• _What you are asked to do_:
From the line containing "Vtg Waterford Crystal" down to the last line of the listing, quote everything word for word, and nothing else, keeping pictures out.

• _Dataset excerpt_:
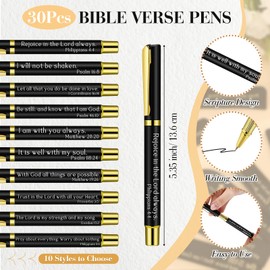 Spakon 30 Sets Father's Day Christian Gifts Bulk for Church Bible Verse Ballpoint Pens with Religious Leather Pen Holder Sleeve for Fathers Dad Pastors Appreciation Sunday School Gifts (Black)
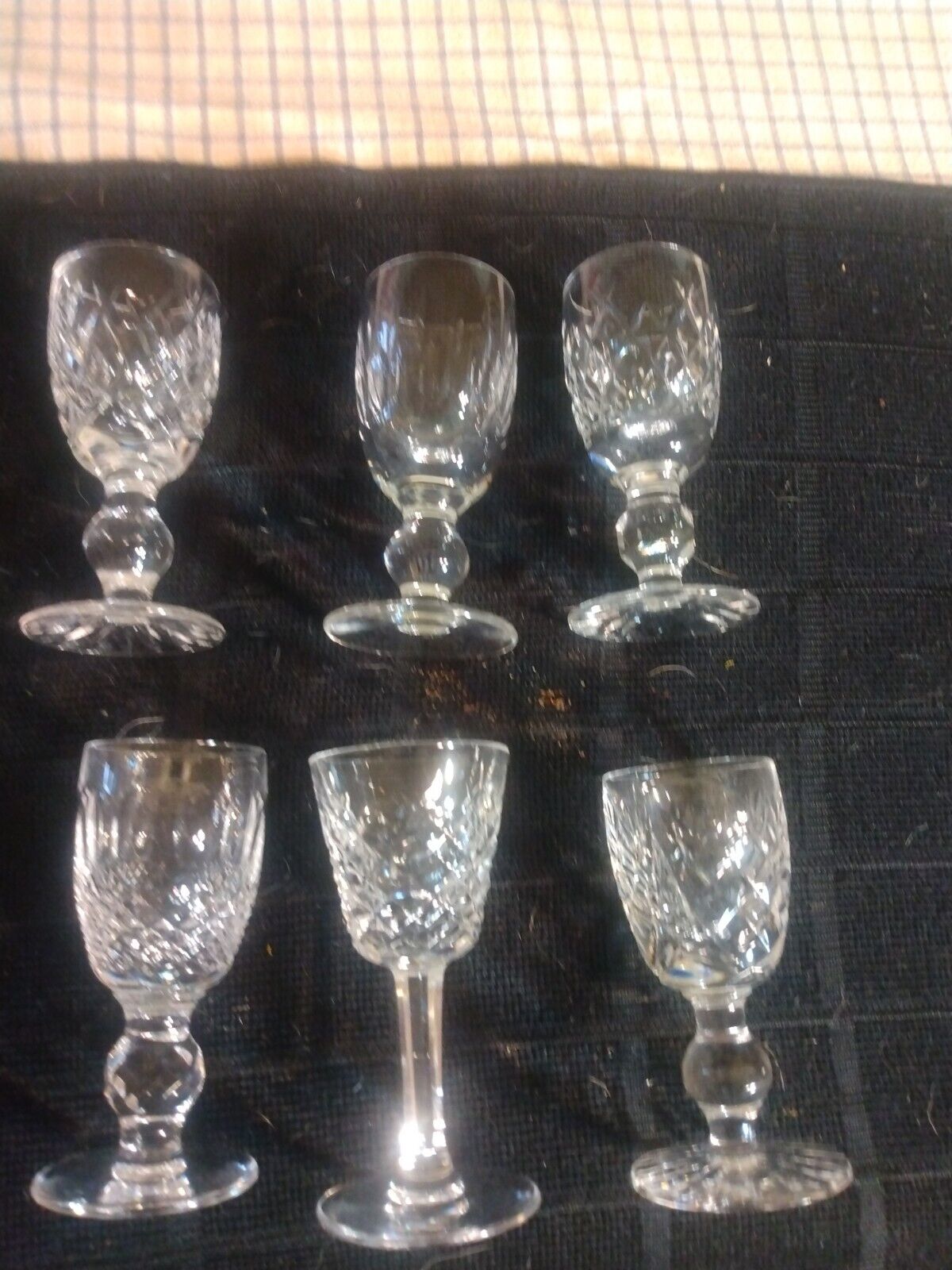Vtg Waterford Crystal Glass Cordials Set of 6 Beauties 3 1/4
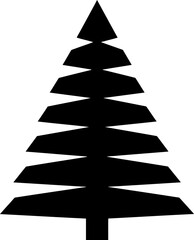 Fototapeta premium Black Silhouette Evergreen Tree Against White Background Minimalist Design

• _Answer_:
Vtg Waterford Crystal Glass Cordials Set of 6 Beauties 3 1/4
 Fototapeta premium Black Silhouette Evergreen Tree Against White Background Minimalist Design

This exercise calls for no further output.